Wednesday, August 23, 2017

Session 5 Paper 2: Neural Adaptive Video Streaming with Pensieve

Presented by: Hongzi Mao

Authors: Hongzi Mao, Ravi Netravali, and Mohammad Alizadeh (MIT Computer Science and Artificial Intelligence Laboratory)

Today’s video streaming relies on adaptive bitrate (ABR), e.g. 240P or 1080P, which is selected based on the network condition. The quality of a video is lower with low ABR but an ABR that is too high for the network condition to support would result in video pause. The authors proposed Pensieve, which adjusts ABR based on reinforcement learning on the network conditions and the resulted video quality under the selected ABR.

In this reinforcement learning problem, the action space is the ABR selections, e.g. 240P or 1080P. The reward function considers bitrate, rebuffering, and smoothness. For the state space, many features are considered, including chunk throughput, chunk download time, next chunk size, current buffer size, and past chunk bitrate, etc. These diverse features in the state space would be more helpful than mere throughput prediction and/or buffer occupancy in prior works.

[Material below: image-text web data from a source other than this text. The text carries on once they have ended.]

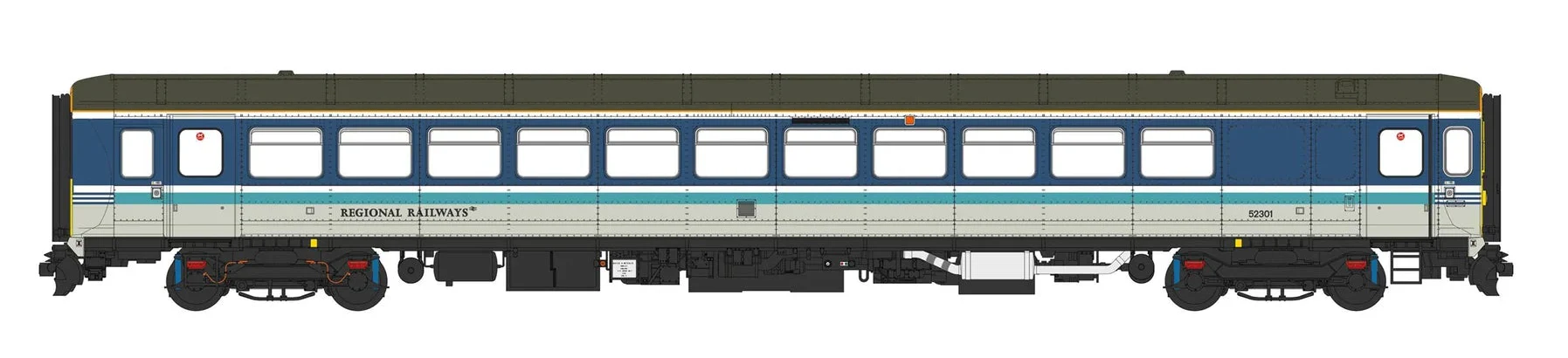 ACC3497 Class 153 Single Car DMU 153301 Regional Railways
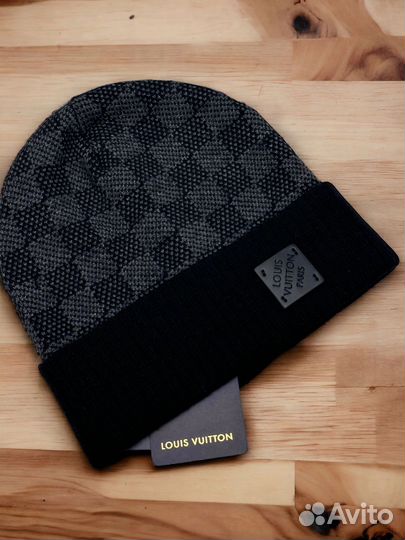 Мужская зимняя шапка Louis Vuitton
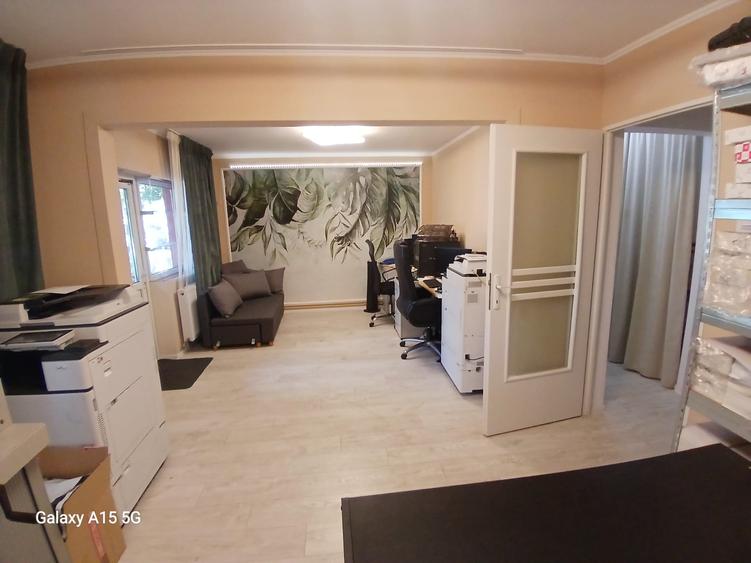Spatiu/apartament 3 camere, 65 mp, parter – Mărăști/ BRD acces din stradă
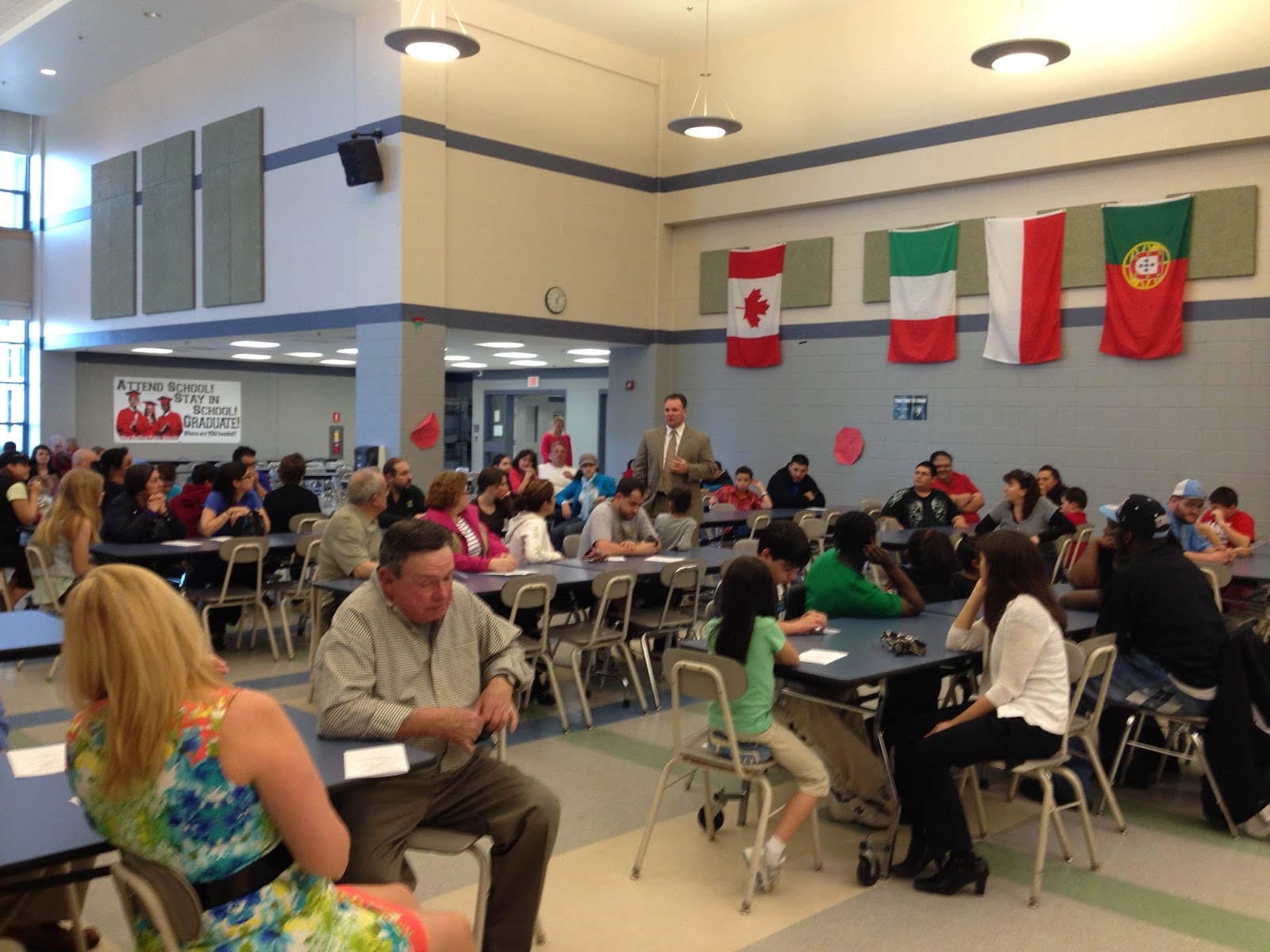 A Principal's Perspective Normandin Middle School Student of the Month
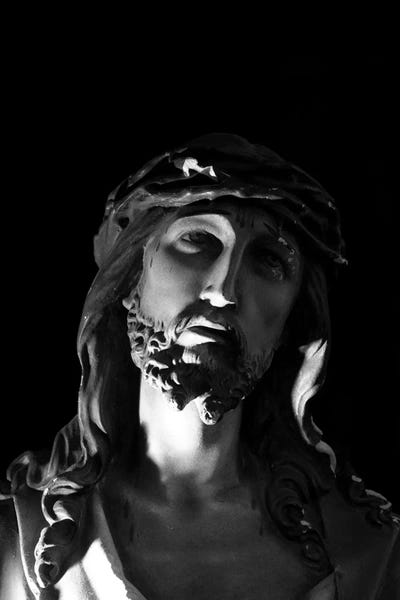 Sculptures & Statues: Jesus Christ Sculpture by Unknown Artist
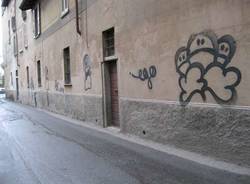 busto arsizio san michele via matteotti degrado aprile 2010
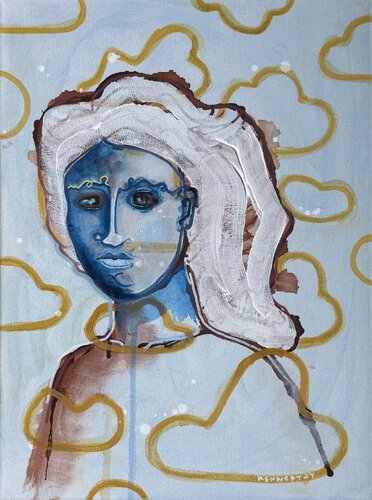 The Jazz Wisp by Steven Kenworthy, Painting for Sale on Select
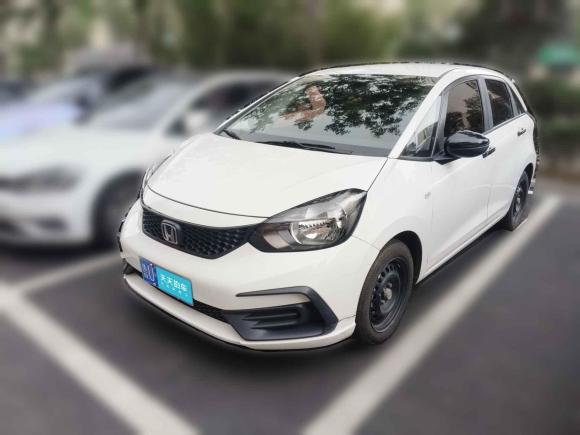 [青岛·鲁U] 二手本田飞度2021款 1.5L CVT潮启版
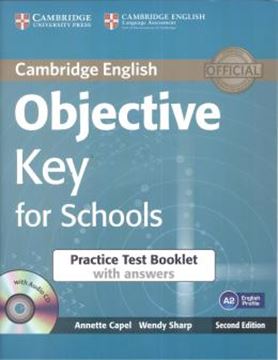 Imagem de OBJECTIVE KEY - PRACTICE TEST BOOKLET WITH ANSWERS WITH AUDIO CD - 2ND ED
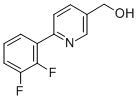 [6-(2,3-DIFLUOROPHENYL)PYRIDIN-3-YL]METHANOL CAS#: 887974-92-7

They trained and tested over real network traces and find Pensieve would deliver 12-25% better QoE,  and 10 - 30% less rebuffering than previous ABR algorithms.
Q: How do you explain and understand where the benefits of your reinforcement learning algorithm come from?
A: Explaining the neural network remains a hard problem. We find Pensieve benefits from better control on rebuffering.

Q: What is the cost of computation?  
A: Storage cost is small. Training requires expensive computation but not much computation is needed for ABR selection based on the trained model.

Q: Do you compare with past works on model based congestion control?
A: It is hard to model the network and therefore we propose data driven congestion control.

Q: Did you try user satisfaction for the reward function?
A: No, because it is harder and slower to quantify user satisfaction than our simulation strategy, but it would be trivial to replace the function.

Q: How does it scale to many clients?  
A: We can learn for different clients and maybe coordinate the ABR for multiple clients.